= Instructions to follow =
Using the data below, output a verbatim copy of the lines between the one holding "Продам 4х комн" and the one holding "Drunken Noodles at", inclusive, without any pictures.

= Available data =
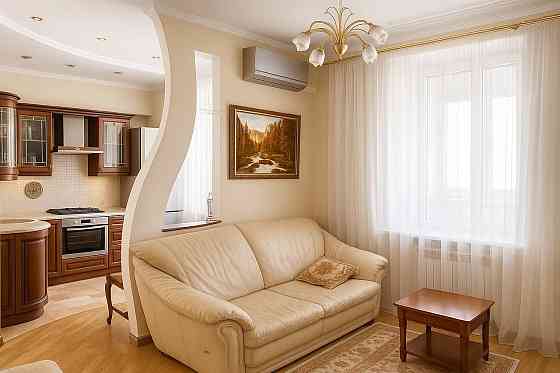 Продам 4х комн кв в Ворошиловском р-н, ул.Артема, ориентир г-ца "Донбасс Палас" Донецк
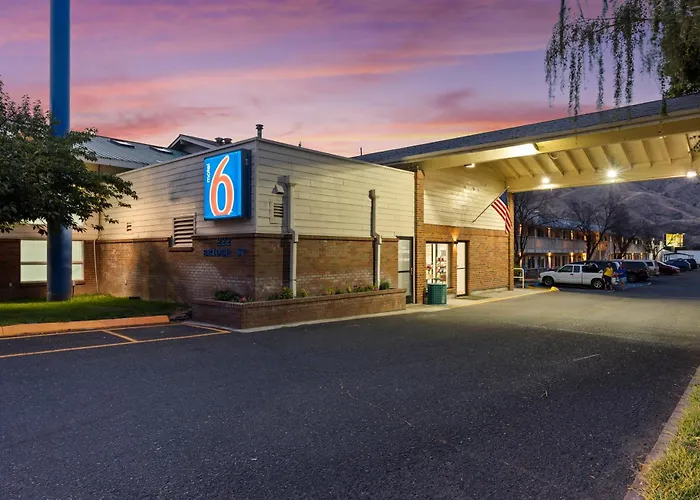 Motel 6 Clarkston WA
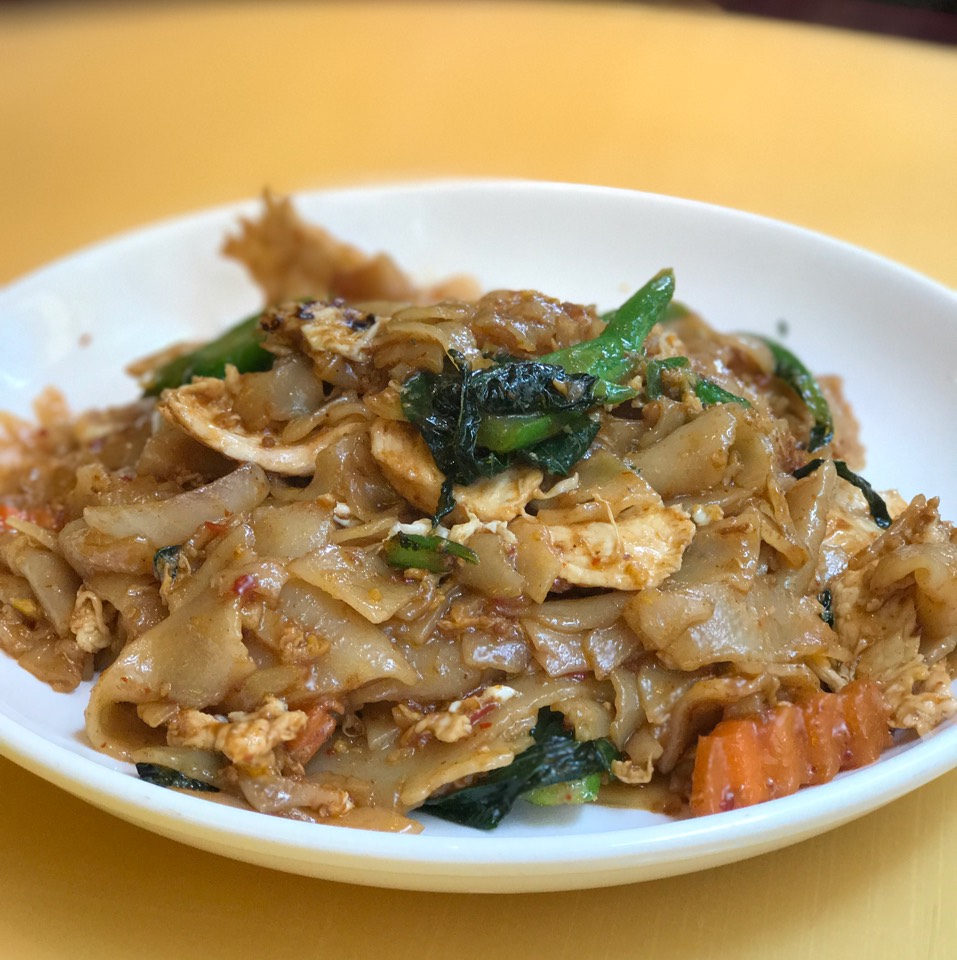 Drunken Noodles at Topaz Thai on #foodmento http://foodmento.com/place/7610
...
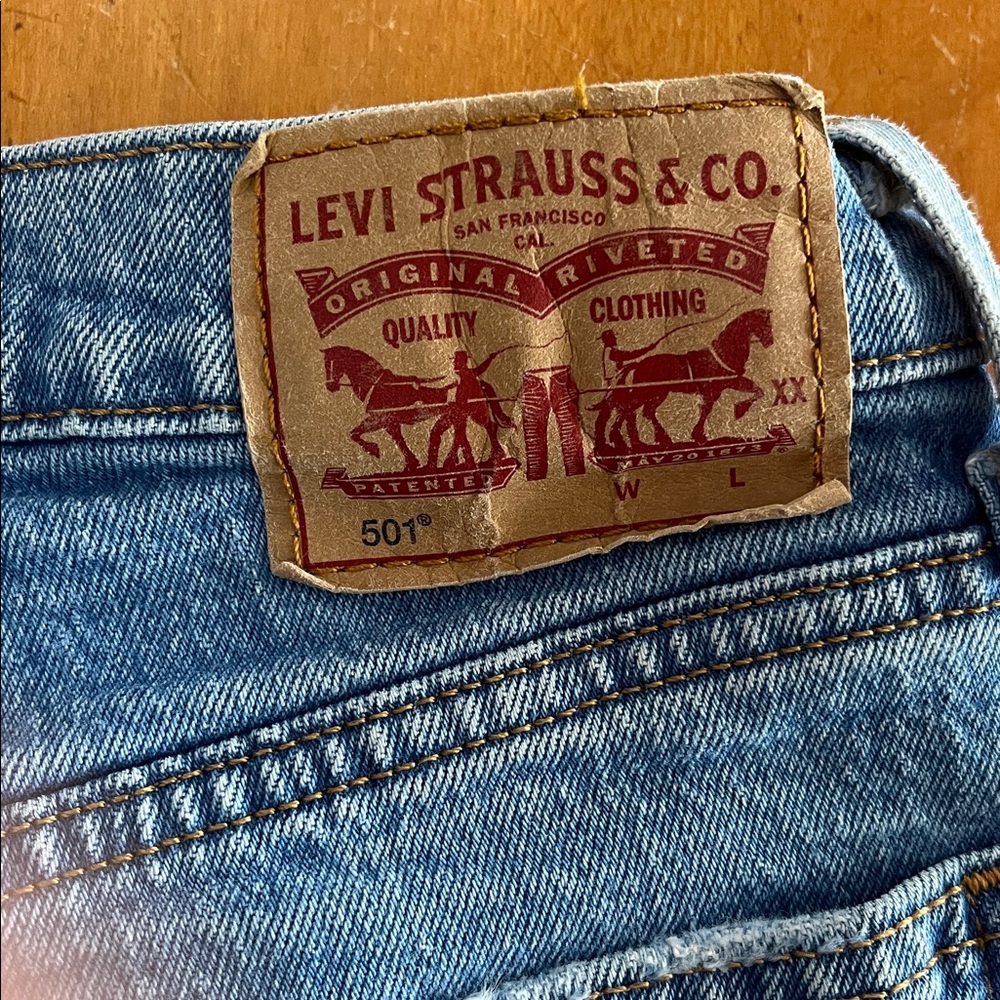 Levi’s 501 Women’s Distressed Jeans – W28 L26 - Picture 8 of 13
---
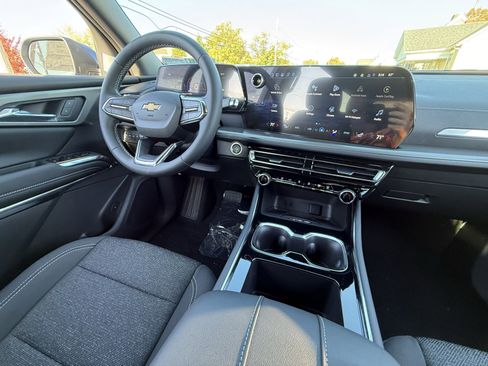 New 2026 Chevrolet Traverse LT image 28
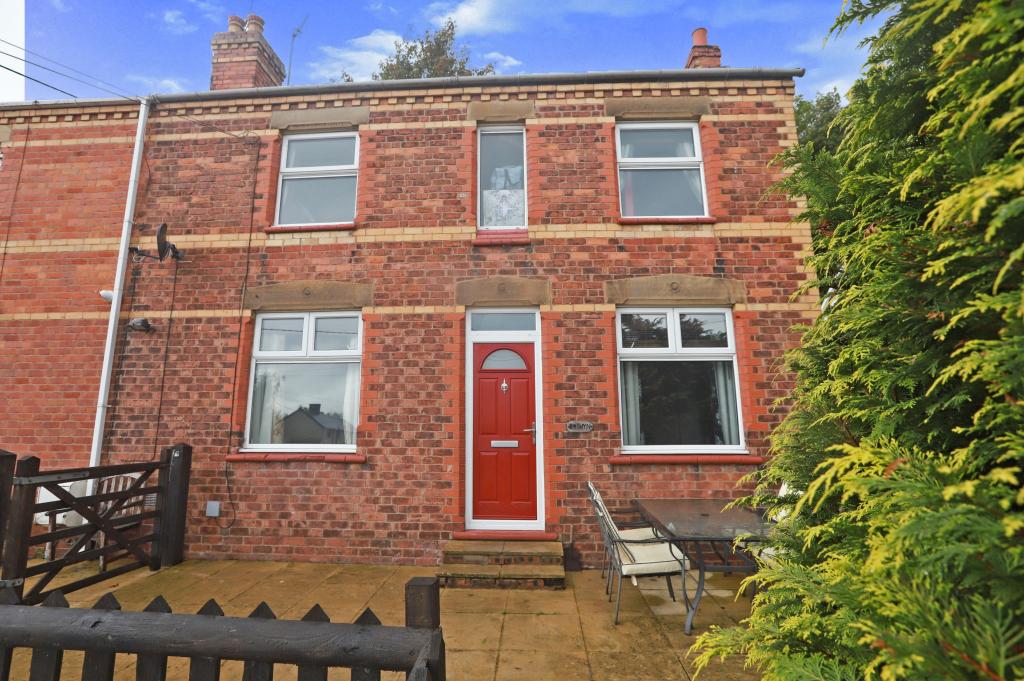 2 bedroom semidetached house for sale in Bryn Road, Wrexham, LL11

= The completed task =
 Продам 4х комн кв в Ворошиловском р-н, ул.Артема, ориентир г-ца "Донбасс Палас" Донецк
 Motel 6 Clarkston WA
 Drunken Noodles at Topaz Thai on #foodmento http://foodmento.com/place/7610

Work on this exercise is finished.